EIP: 0060:[<c3834473>] Not tainted
EFLAGS: 00010206
EIP is at intr_handler+0x173/0x390 [fealnx]
eax: 00207aee ebx: 00000000 ecx: c294c040 edx: 00000000
esi: c125ea00 edi: 00000018 ebp: 00000002 esp: c033bf44
ds: 007b es: 007b ss: 0068
Process swapper (pid: 0, threadinfo:c033a000, task: c02ce4c0)
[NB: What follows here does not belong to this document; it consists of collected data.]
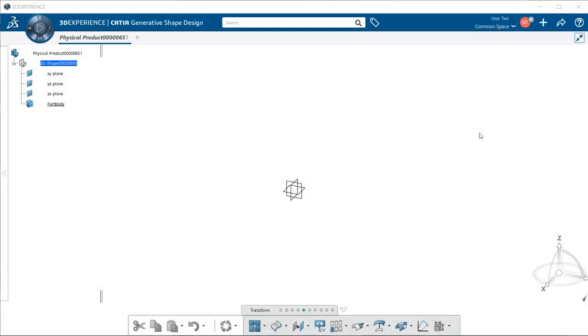In this video, I'm going to show you how to import a CATIA V5 model into 3DEXPERIENCE. Let's go ahead and begin.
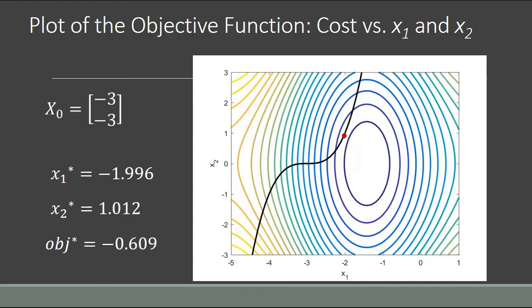One thing to note is that our objective function is worse in this case, and that's generally what you find when you go from an unconstrained problem to a constrained problem. The more constrained your problem gets, generally you can never do better by constraining a problem — the best you could do is get the same solution. In this case we're getting a worse solution because we no longer have the freedom to find the unconstrained optimum; we have to stay aligned with our constraint.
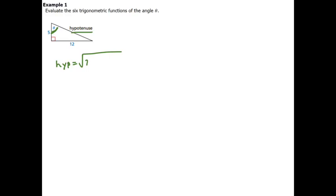Example one: evaluate the six trig functions of angle theta, located in the upper left corner of the triangle. Before we can do anything, we need the hypotenuse. You can use the Pythagorean theorem — the hypotenuse equals the square root of 12 squared plus 5 squared. Alternatively, if you remember Pythagorean triples from geometry, 5-12-13 is a common one, so the third side is 13.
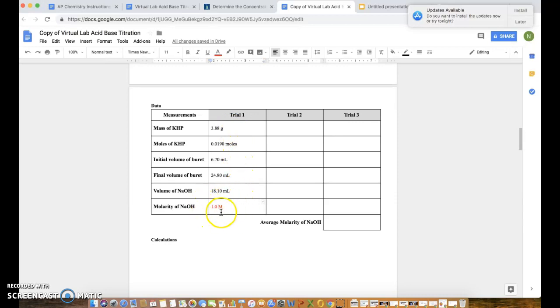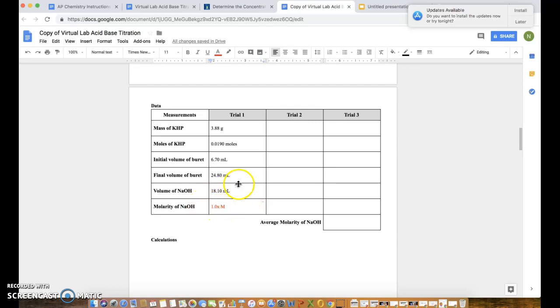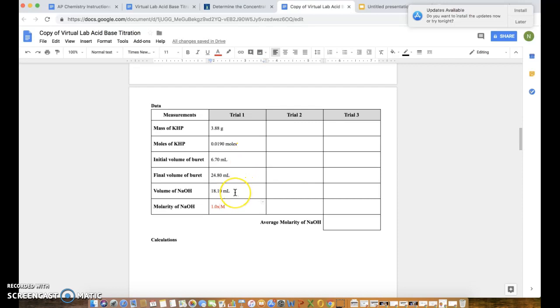I went ahead and filled out the information in the table like everything that I should have calculated. I didn't put down the actual molarity because you need to calculate that on your own, so I'm gonna put an X here. You'll have to figure out how to calculate the molarity from the volume of NaOH and knowing the moles of NaOH is the same as the moles of KHP. You'll do that a couple more times.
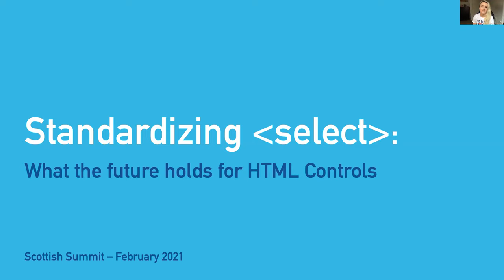All right, hello everyone. I want to say thank you to the organizers for inviting me to speak. Today I'm going to be talking about some essential pieces of web UI HTML controls.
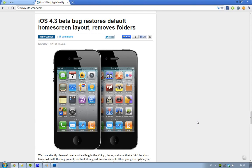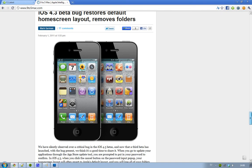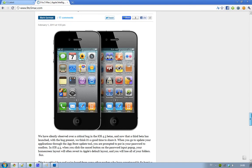Apple will not release iOS 4.3 with this bug because this is a pretty serious bug. It occurs when you want to update your applications through the App Store update tool and then when you need to input your iTunes password. If you hit the little cancel there in the password input popup, then your home screen layout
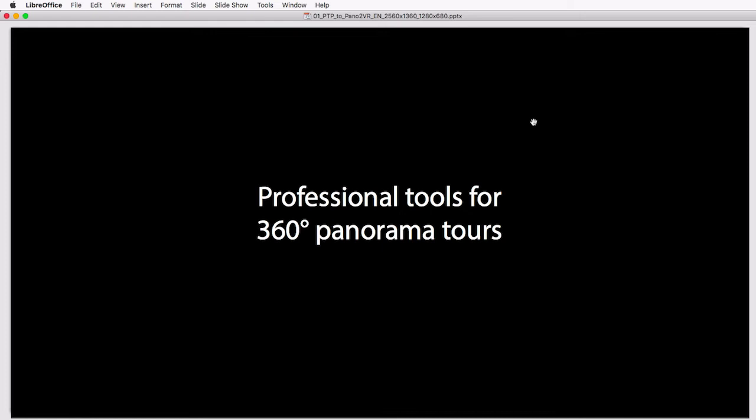In later videos, I will compare features between both programs in detail and show how to do stuff you did before in Panotour Pro now in Pano2VR. How can the change be managed for you?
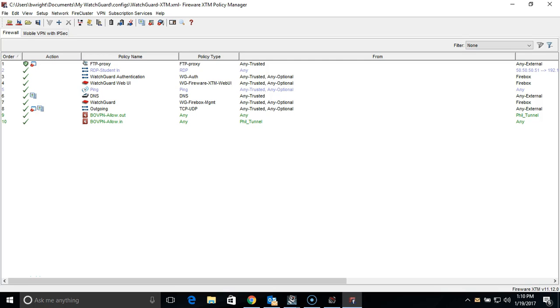Hello, Brandon Wright here again with another helping tip for your WatchGuard firewall. This time, I will be demonstrating to you how to configure dynamic routing with OSPF.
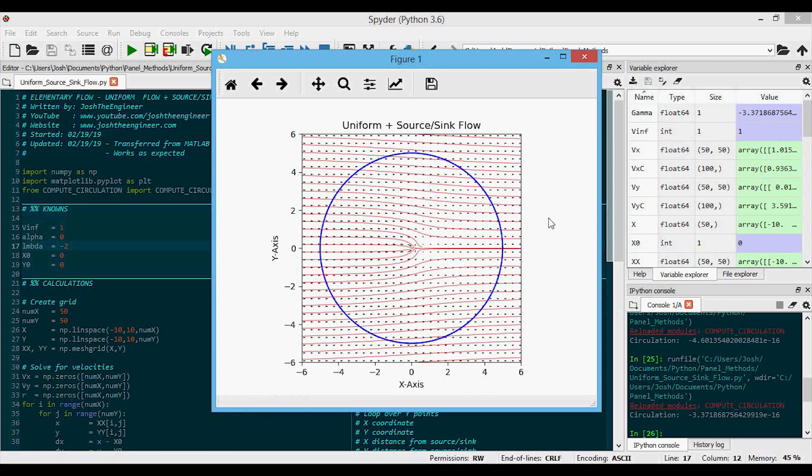So this video showed how we could combine two elementary flows together and solve for the velocity at discrete grid points. The next step would be to combine the uniform flow with a vortex flow, which will allow us to finally put that circulation computation to good use. Thanks for watching.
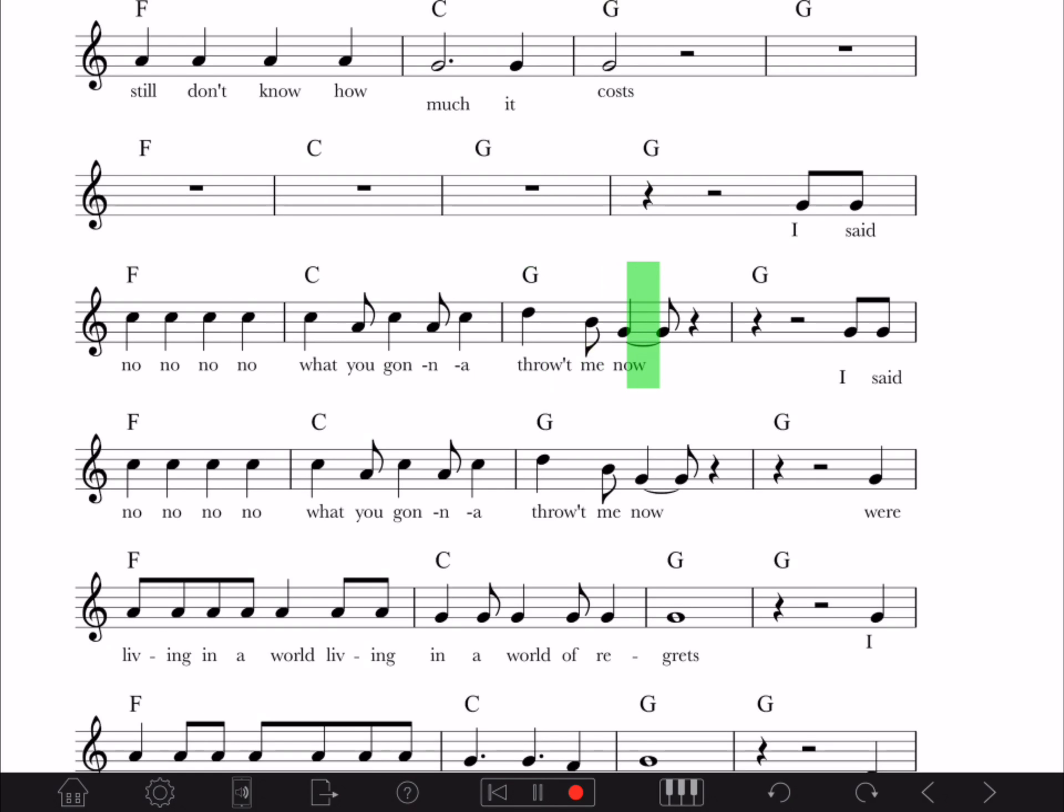I said, no, what you gonna throw me now?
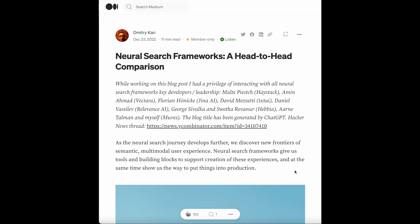Hey everyone, I'm super excited to be publishing our latest podcast with Dimitri Kahn. We're discussing some of his latest works around his keynote talk at the Haystack European Conference and his latest blog post on neural search frameworks, a head-to-head comparison.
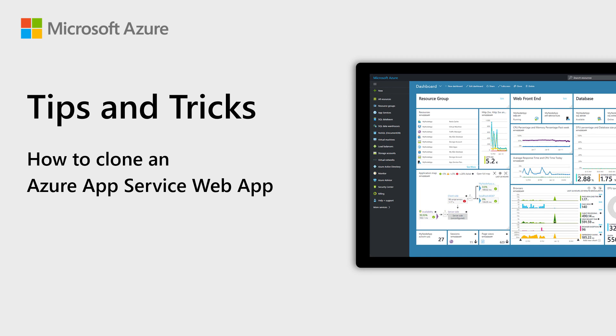Welcome to Azure Tips and Tricks. In this episode, we will clone an entire Azure App Service web app.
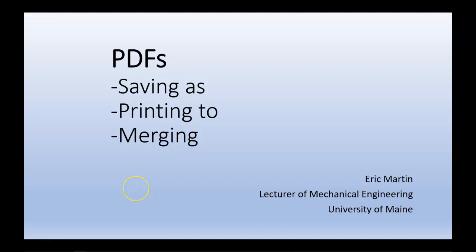Hello, this is Eric Martin, lecturer of Mechanical Engineering at the University of Maine. In this video, we'll look at how we can save as a PDF, print to PDFs, and merge two or more PDFs together.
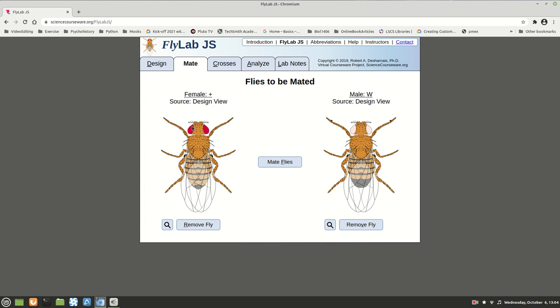So we have big W, big W crossed with white, which we consider little w, little w — ignore the fact that the program shows a capital here. And now I'm going to mate these flies.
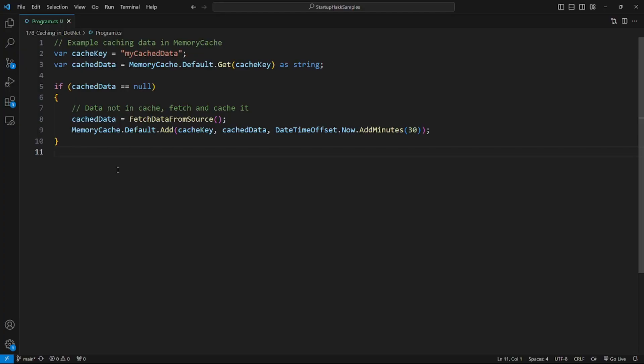So let's get started. The first type of caching in .NET is in-memory caching with MemoryCache. Here's an example of caching data using MemoryCache.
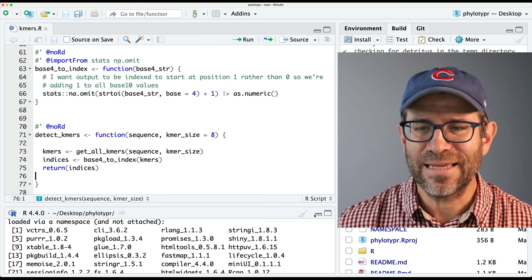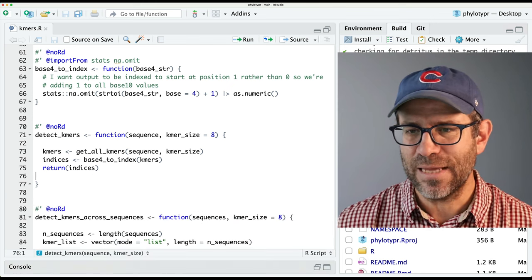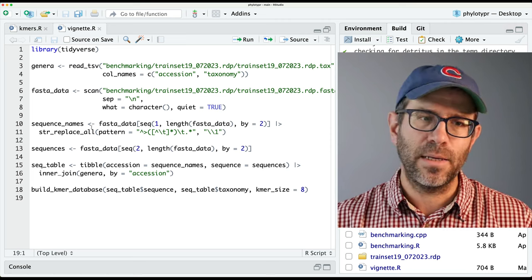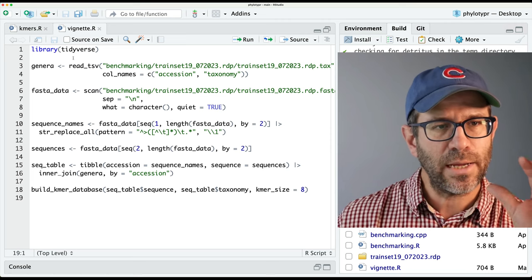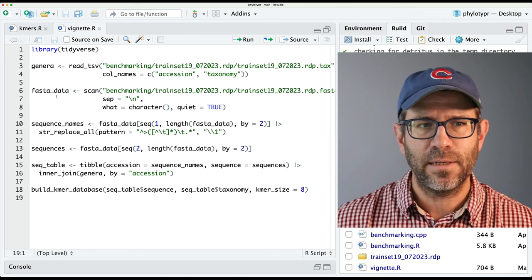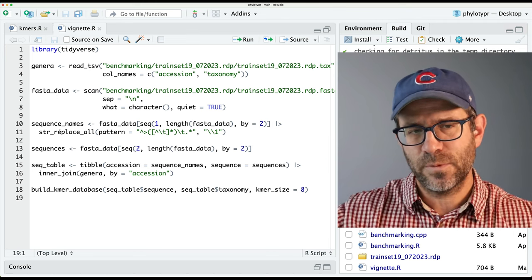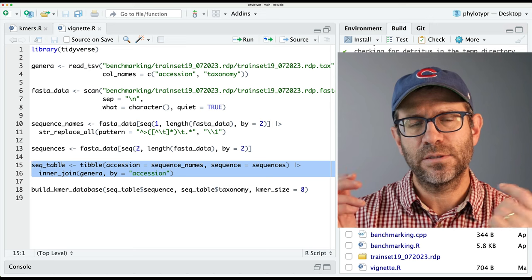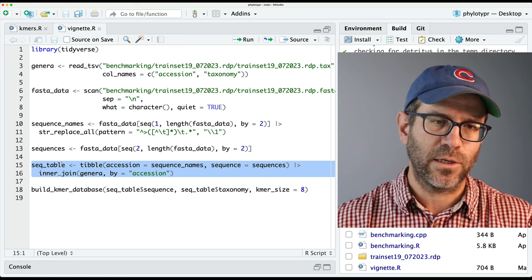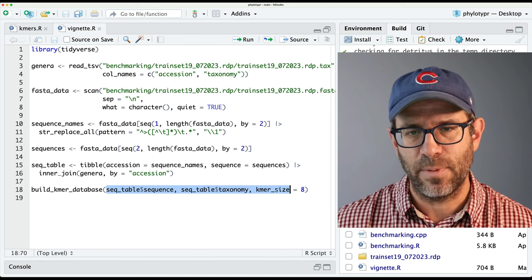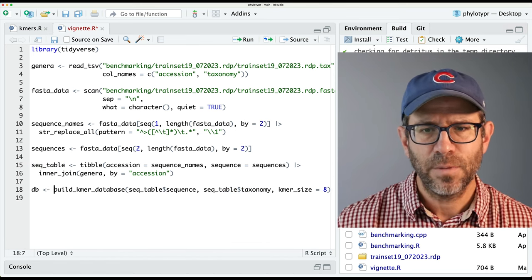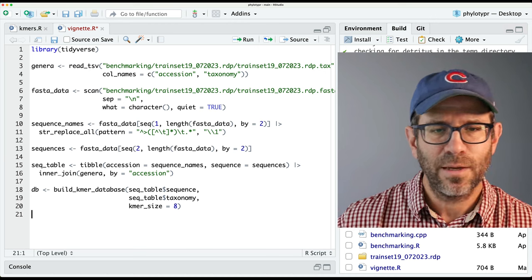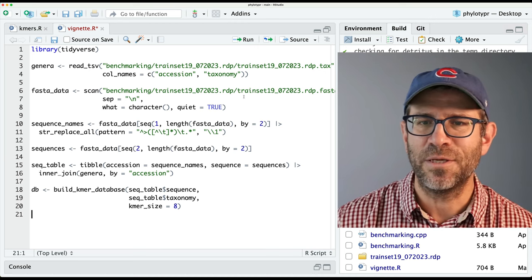Now we're ready to get on with the business of today. I'm going to go to my benchmarking directory and open up vignette.R — this is kind of my working document for how I might interact with these tools. As you can see, we're getting the taxonomic data and sequence data, parsing apart the names as well as the sequences in lines 10 through 13. Then we join together the sequence data and taxonomy data to make sure the information is in the correct order, and then we pass that to kmr_database. I could imagine calling this like DB, maybe putting these arguments on separate lines.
Stack: 00006144 00006134 00006100 00006138 00000001 00000014 c2911620 04000001
       00000000 c033bfb0 c010a091 0000000a c125e800 c033bfb0 0000000a 00000140
       c0339b40 c2911620 c010a320 0000000a c033bfb0 c2911620 c033a000 000a0600

Call Trace:
 [<c010a091>] handle_IRQ_event+0x31/0x60
 [<c010a320>] do_IRQ+0x70/0xe0
 [<c0105000>] _stext+0x0/0x20
 [<c0108c68>] common_interrupt+0x18/0x20
 [<c0106b30>] default_idle+0x0/0x30
 [<c0105000>] _stext+0x0/0x20
 [<c0106b54>] default_idle+0x24/0x30
 [<c0106bc5>] cpu_idle+0x25/0x40
 [<c033c66d>] start_kernel+0x15d/0x190

Code: ff 8a 98 00 00 00 0f 94 c0 84 c0 0f 85 84 01 00 00 8b 86 a8
 <0>Kernel panic: Fatal exception in interrupt
In interupt handler - not syncing


I'm keeping information about this at http://fjortis.info/pub/panic/ so have a 
look there for more panic's and other information.


Steps to reproduce:
Use the fealnx driver and send some traffic over it.... (bittorrent seems to be 
the perfect killer. Atleast it happens here alot when I have a couple of 
torrents running.)
Comment 1 Francois Romieu 2004-02-27 14:53:56 UTC
Afaiks, np->{free_tx_count/really_tx_count} update in start_xmit is not atomic 
wrt the irq handler and the irq handler updates these variables as well. 
So we could have: 
- start_xmit reads really_tx_count (first step to update really_tx_count); 
- first tx irq takes place in and updates really_tx_count 
- start_xmit ends updating really_tx_count, ignoring the value set in the irq 
handler 
- second tx irq takes place and reads an erroneously high really_tx_count 
value 
- <censored> 
 
Can you try to disable interrupts around the two following instructions in 
start_xmit: 
        --np->free_tx_count; 
        ++np->really_tx_count; 
 
PS: please Cc: me on followup 
 
Comment 2 Andreas Henriksson 2004-03-07 07:17:22 UTC
I've been testing out a fealnx card in my workstation for about one week now and 
haven't had any kernel panic when using spin_lock_irq(&np->lock) and 
spin_unlock_irq(&np->lock) in the start_tx function as described by Francois 
Romieu (who also suggested changing it to spin_{,un}lock_irqsave(&np->lock, 
flags).. ).

I'm changing it to RESOLVED and continue testing (since my p166 could live about 
3 weeks before getting a kernel panic).... Francois Romieu also suggested a 
couple of ways to stress-test the driver which I'll try "really soon"<tm> ... I 
might also fire up my p166 again and test it before submitting a patch (unless 
some skilled person steps forward and deems this at really trivial and sends a 
patch to Linus or akpm).

// Andreas Henriksson (andreas@fjortis.info)
Comment 3 Denis Vlasenko 2004-03-26 12:03:32 UTC
Nice explanation, but on x86 uniprocessor it can't happen.
Andreas' machine is UP AFAIK.
Comment 4 Francois Romieu 2004-03-26 12:27:18 UTC
Bzzzt. It can happen on uniprocessor as well if interruptions are not disabled.